Raphaël: Kuedo, ASSERTION OF A SURROUNDING PRESENCE
Retour gagnant de l'été, pourtant pas estival pour un sous. On se souvient de la grosse période de Kuedo avec l'album SEVERANT en 2011, et puis plus rien. Et finalement, cette musique a plutôt mal vieilli. C'était pas donné d'avance, donc. 2015 signifie le retour de Kuedo avec nouveau label, Knives, sur lequel il a déjà sorti quelques-uns des trucs les plus excitants de l'année (J.G. Biberkopf et Jlin, en collaboration avec Planet Mu). Mais surtout, un nouveau gros EP/mini LP. Clairement, les productions de Kuedo ont évolué, et c'est une musique d'une toute autre ampleur, qui évite soigneusement la facilité de ses sorties précédentes qu'on découvre. Toujours un peu grime, un peu footwork, mais c'est surtout gamelan nauséeux et flûte de pan lancinante. C'est pas joyeux, c'est même un peu lancinant mais si l'apocalypse est prévue pour le mois d'août, je veux bien ça comme soundtrack. 

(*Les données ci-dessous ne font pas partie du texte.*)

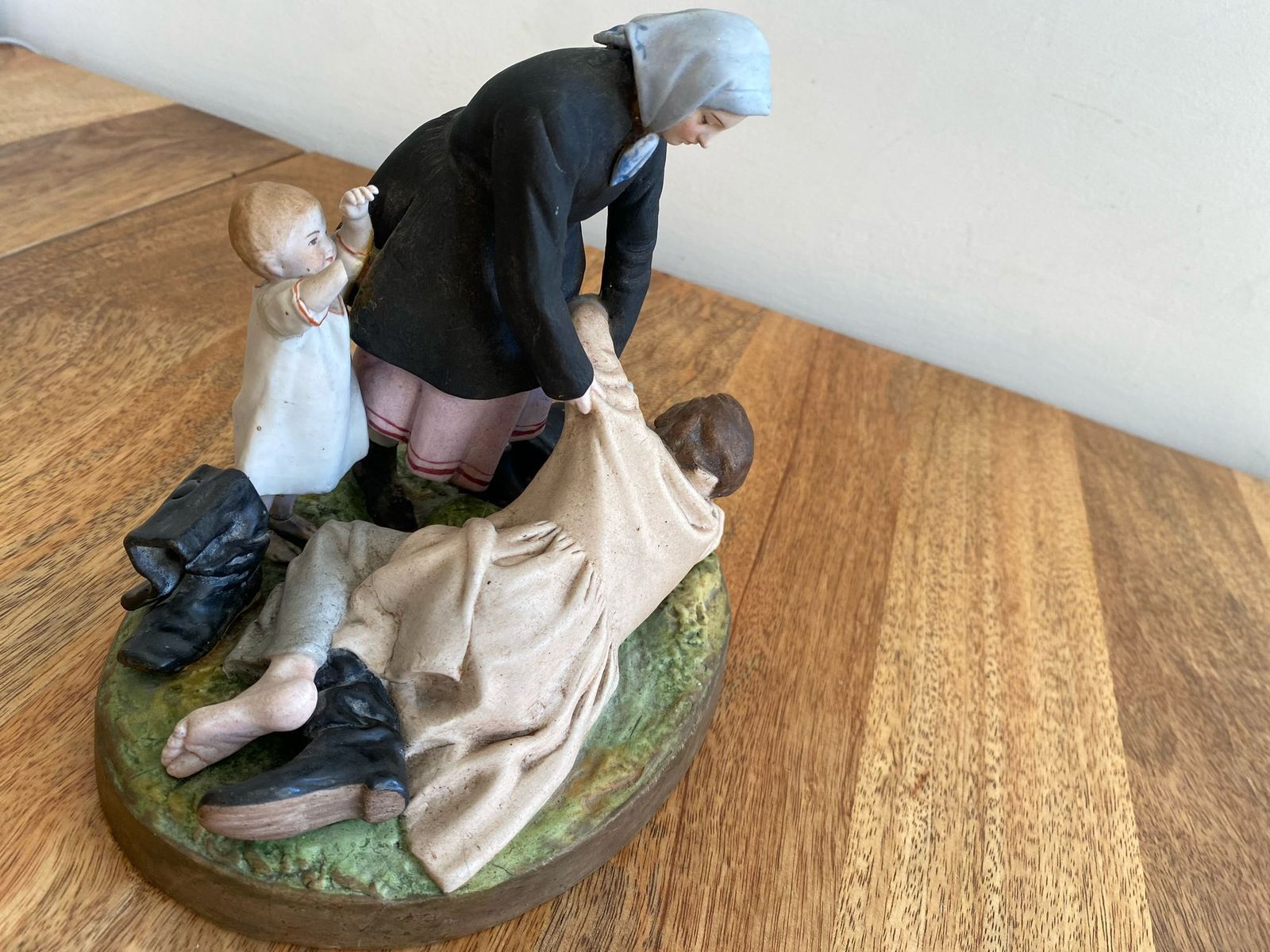 Antique Imperial Russian Gardner Figurine Sculpture 19th Century "Drunken Man And Family" photo 1500.0
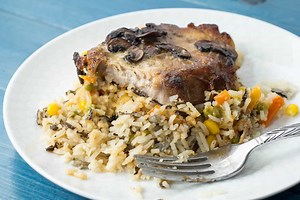 Mushroom Pork Chops with Vegetable Wild Rice Pilaf
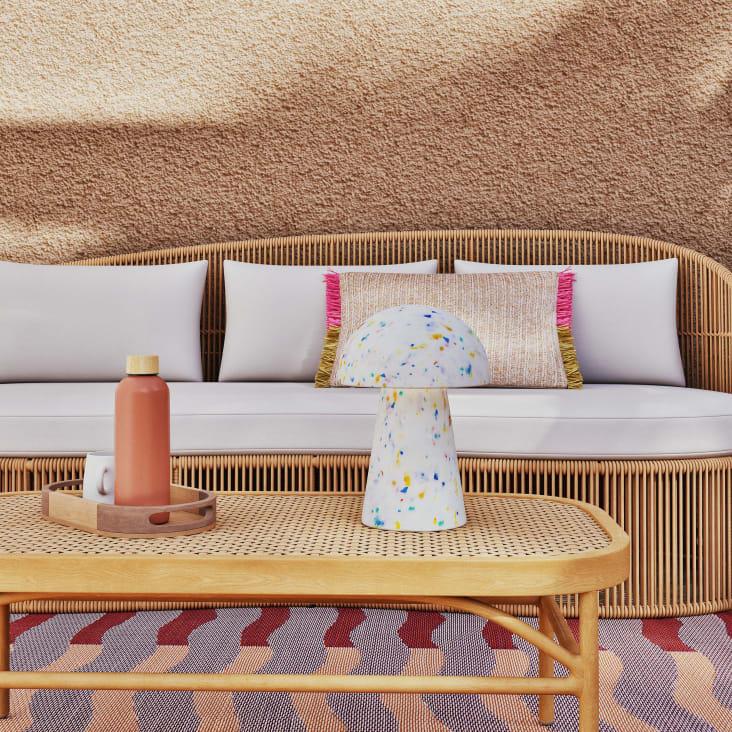 Maisons du Monde Bazan - Cojín de exterior con flecos tricolor Descuento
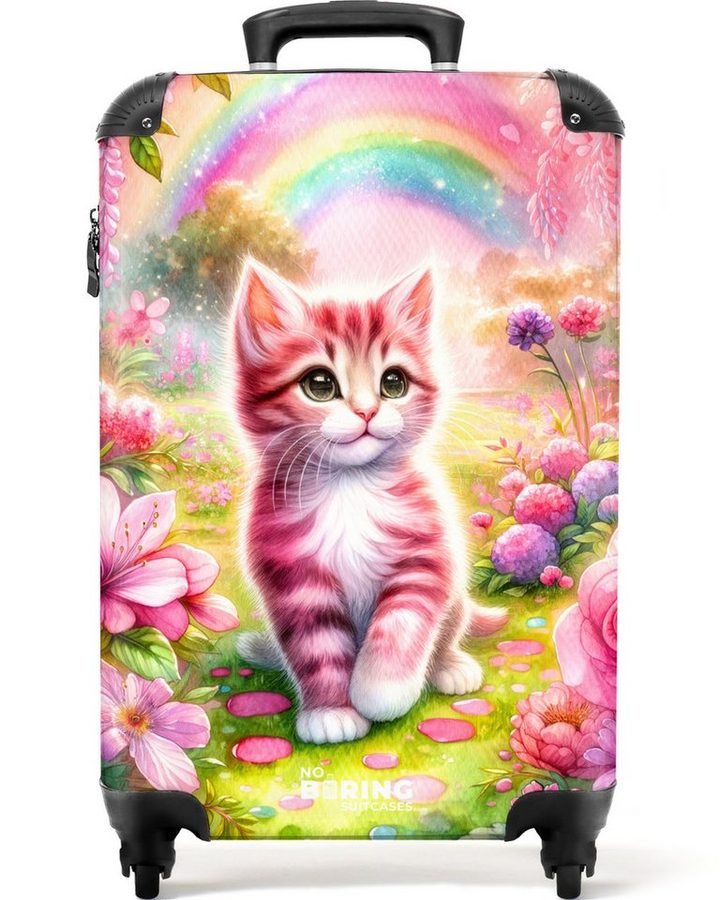 NoBoringSuitcases.com© Kinderkoffer Kätzchen mit Regenbogen und Blumen 55x35x20cm, Handgepäck-Koffer, Kinderkoffer, Reisekoffer Mädchen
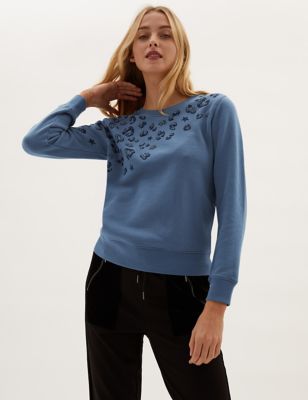 

Womens M&S Collection Cotton Rich Embroidered Sweatshirt - Air Force Blue, Air Force Blue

Raphaël: Tapes, NO BROKEN HEARTS ON THIS FACTORY FLOOR
Un peu de dub pour ton été? Tapes sort justement une compilation des ses morceaux depuis 2009, un drôle d'assemblage hétéroclite de morceaux, un peu funky, un peu house, aussi branlants que charmants de naïveté. Mais c'est pas parce que c'est cheap que c'est pas bien . Ca râpe un peu, mais c'est surtout vraiment fun.



Raphaël: EEK, KAHRABA
Qui a dit que l'été était fini? Pour conjurer la pluie (et toute forme de santé mentale), EEK a la solution. Le projet le plus flippant du Caire, mené par Islam chipsy, est au moins aussi barré sur disque qu'en live. A déconseiller aux épileptiques, l'hyper dance d'EEK est cathartique, libérée de la plupart des contraintes de format (y compris des BPM, on doit flirter avec la goa là) et de bon goût, mais à ce stade, tu sais quoi? On s'en balance du bon goût. Parce que c'est le truc le plus dangereusement dansant que l'humanité ait craché depuis un bout de temps, et ça donne de l'espoir. Autant dire que sur le papier, groupe égyptien + 2 batteurs + 8-bit + un million de BPM, ça fout un peu les boules. Mais ça le fait, promis.